For communities lacking the same sanitation-engineering resources to ship diapers out of sight and out of mind, the situation is more immediately dire. In Indonesia, for example, an estimated 1.5 million diapers a day are thrown into the Brantas River—the water source for six million people. Not surprisingly, plastic particles from diapers and other plastic goods are found in a majority of fish in the river and, consequently, in the Indonesian food supply. The problem is hardly limited to Indonesia. Disposable diaper waste is an acute problem throughout the world and a growing one in “emerging markets,” where disposable diaper manufacturers are increasingly focusing as fertility rates crumble in the postindustrial West. Philip Owen, who works for a water conservation group in South Africa, explains that “over 4 billion plastic diapers are sold every year in South Africa alone. As soon as people have a bit of money, they buy them…people end up with bags of dirty diapers and nowhere to go. So people dump bags next to the road.” In order to get rid of diapers, many localities lacking adequate waste management systems end up burning the diapers, releasing harmful chemicals into the air. Even if the diapers do end up in a landfill, many landfills in Africa and elsewhere are not sequestered with a non-permeable lining, and the fecal matter and chemicals of disposable diapers leach into the watershed, “leading to increased environmental degradation and escalating health risks,” not only from pathogens, but from the materials—plastics, adhesives, polymers—used to construct the super-absorbent wonder diapers beloved of Gladwell.

Concern for the toxicity of diaper components in landfills and watersheds invites questions about the prudence of putting those same materials next to a young child’s skin. Infant skin is more permeable than adult skin and therefore absorbs chemicals more easily. Additionally, babies are more vulnerable to chemical exposure because of their smaller body size and rapid growth. In 2019, the French Agency for Food, Environmental, and Occupational Health and Safety (ANSES) examined twenty-three diaper brands and found they contained phthalates, volatile organic compounds (VOCs), formaldehyde, pesticides, and other worrisome chemicals. Some of these chemicals are endocrine disruptors; others are carcinogenic. Significant exposure to VOCs can harm the kidneys, liver, and central nervous system. Not exactly baby-friendly materials.
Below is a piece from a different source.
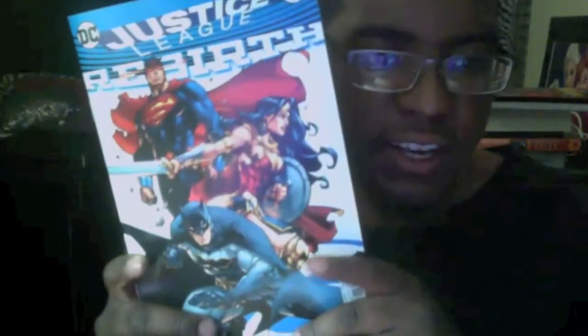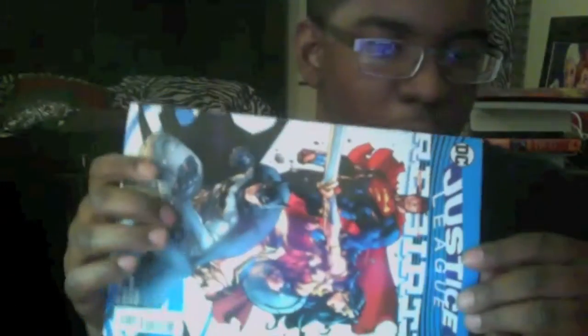Hey you guys, I'm doing my review for Justice League issue number one for the Rebirth title. I managed to get a physical copy today and went to my local comic book store and went ahead and picked one up. I was finally able to have some time just to get out of the house and go somewhere. I thought that was nice.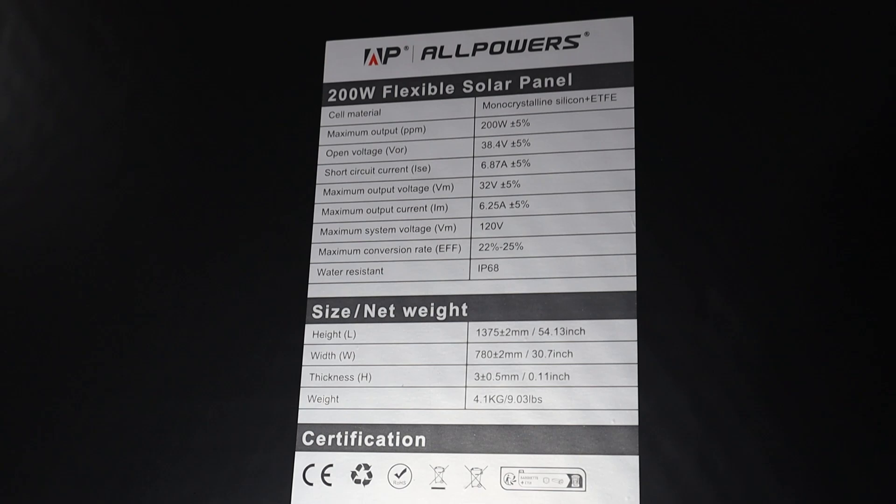On the back of the panel: maximum output 200 watts, open circuit voltage 38.4 volts, short circuit current 6.87 amps, maximum output voltage 32 volts, max output current 6.25 amps.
In addition to their ecological and toxicological costs, diapers encourage delayed potty training, thanks to the same super-convenient, super-absorbent aspect that makes them such a wonder of innovation. Delayed potty training increases the likelihood of all kinds of misery for young children (and their parents): terrible diaper rashes, urinary tract infections, frequent urination, bedwetting, and abscesses (painful pockets of pus) on a child’s perineum or buttocks. Children also struggle to make the shift to defecating in the toilet after so many years of pooping in their diapers. In one study that followed the potty-training journey of 482 children in a suburban pediatric practice, close to a quarter of children spent more than a month refusing to poop in the toilet, preferring to poop in a diaper or their underwear instead. The medical establishment calls this condition stool toileting refusal, or STR, but the clinical term hardly reflects the nightmare parents face trying to potty train their children. Many times, children will wait to poop until they are put back in a diaper, either for nighttime or naps. Some children simply use their underwear instead of the toilet. This frustrating situation can easily create enmity between parent and child, not to mention it can snowball to other problems, as the child may become constipated. When the child finally does try to go, it’s painful, thus causing a terrible feedback loop: the child associates pooping in the toilet with pain, making them balk at using the toilet even more. Prolonged constipation can become so bad that the child’s rectum becomes overstretched and the child becomes less able to know when they need to poop. As the Mayo Clinic explains, encopresis, as this difficult condition is known, “typically … happens when impacted stool collects in the colon and rectum: The colon becomes too full and liquid stool leaks around the retained stool, staining underwear.”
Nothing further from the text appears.